- [Directions] Beneath this instruction is a listing; write out exactly the line that contains "Cutting the ribbon" and each line after it to the last.

- [Records to use]

Content starts

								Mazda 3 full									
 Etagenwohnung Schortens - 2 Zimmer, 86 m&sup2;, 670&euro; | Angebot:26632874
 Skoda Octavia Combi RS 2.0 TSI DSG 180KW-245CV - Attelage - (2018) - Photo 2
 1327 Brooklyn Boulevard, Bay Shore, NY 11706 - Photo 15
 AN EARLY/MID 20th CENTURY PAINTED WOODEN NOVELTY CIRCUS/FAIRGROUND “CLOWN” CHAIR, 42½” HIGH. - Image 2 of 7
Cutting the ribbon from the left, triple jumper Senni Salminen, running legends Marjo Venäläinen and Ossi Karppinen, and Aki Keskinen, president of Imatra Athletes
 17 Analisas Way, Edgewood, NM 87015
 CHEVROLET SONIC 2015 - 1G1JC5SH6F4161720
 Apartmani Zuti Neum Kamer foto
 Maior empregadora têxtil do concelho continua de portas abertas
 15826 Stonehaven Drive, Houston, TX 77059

Content ends

- [Reply to the task]
Cutting the ribbon from the left, triple jumper Senni Salminen, running legends Marjo Venäläinen and Ossi Karppinen, and Aki Keskinen, president of Imatra Athletes
 17 Analisas Way, Edgewood, NM 87015
 CHEVROLET SONIC 2015 - 1G1JC5SH6F4161720
 Apartmani Zuti Neum Kamer foto
 Maior empregadora têxtil do concelho continua de portas abertas
 15826 Stonehaven Drive, Houston, TX 77059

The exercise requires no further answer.